Supplied information: Begin

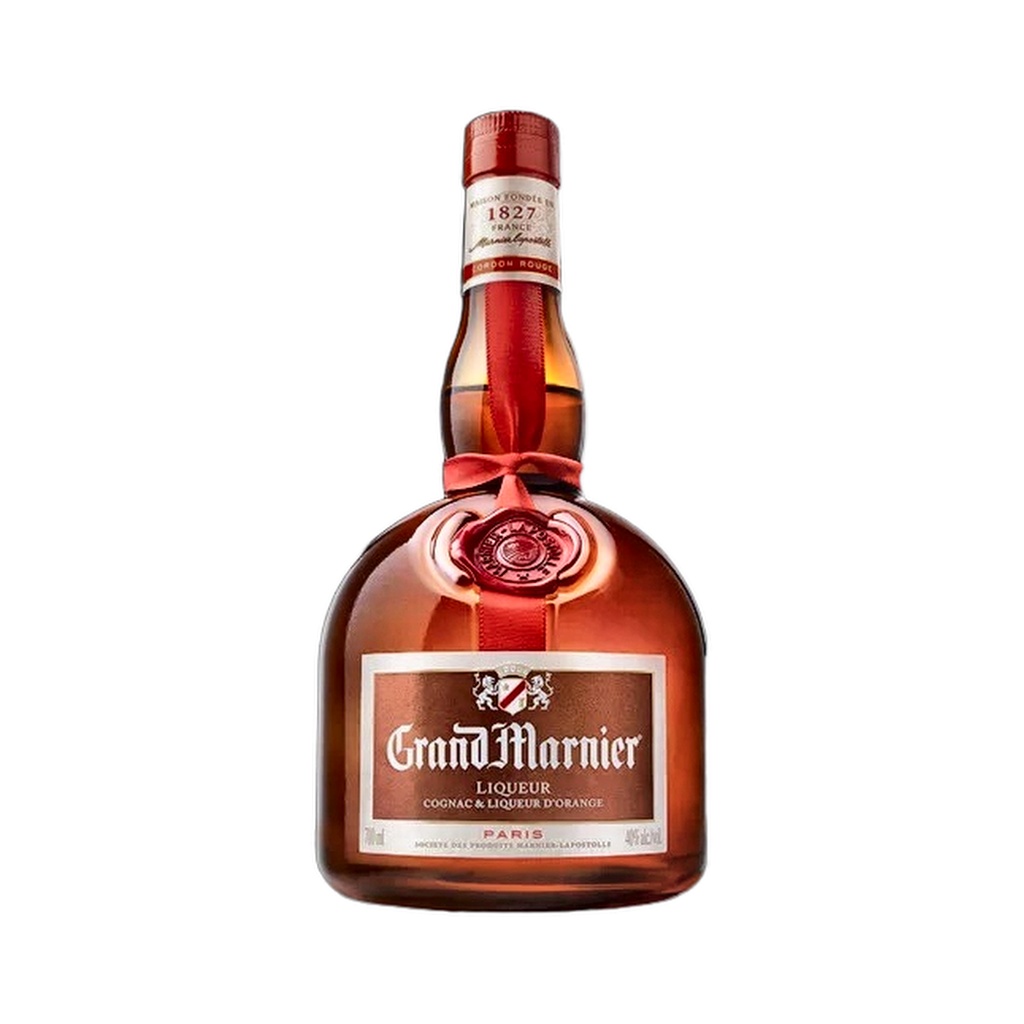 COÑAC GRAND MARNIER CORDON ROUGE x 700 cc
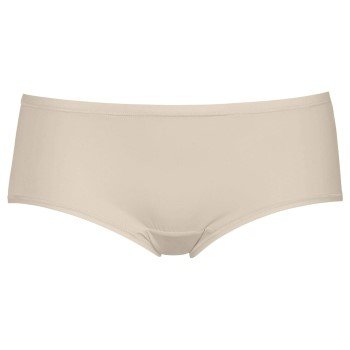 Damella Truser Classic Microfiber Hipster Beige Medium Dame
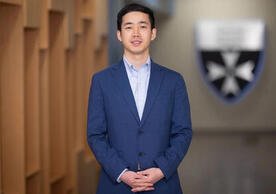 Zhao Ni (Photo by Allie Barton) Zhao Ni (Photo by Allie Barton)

Supplied information: End

# Exercise requirements
Except for the pictures, please retype the listing above exactly.

# Task response
 COÑAC GRAND MARNIER CORDON ROUGE x 700 cc
 Damella Truser Classic Microfiber Hipster Beige Medium Dame
 Zhao Ni (Photo by Allie Barton) Zhao Ni (Photo by Allie Barton)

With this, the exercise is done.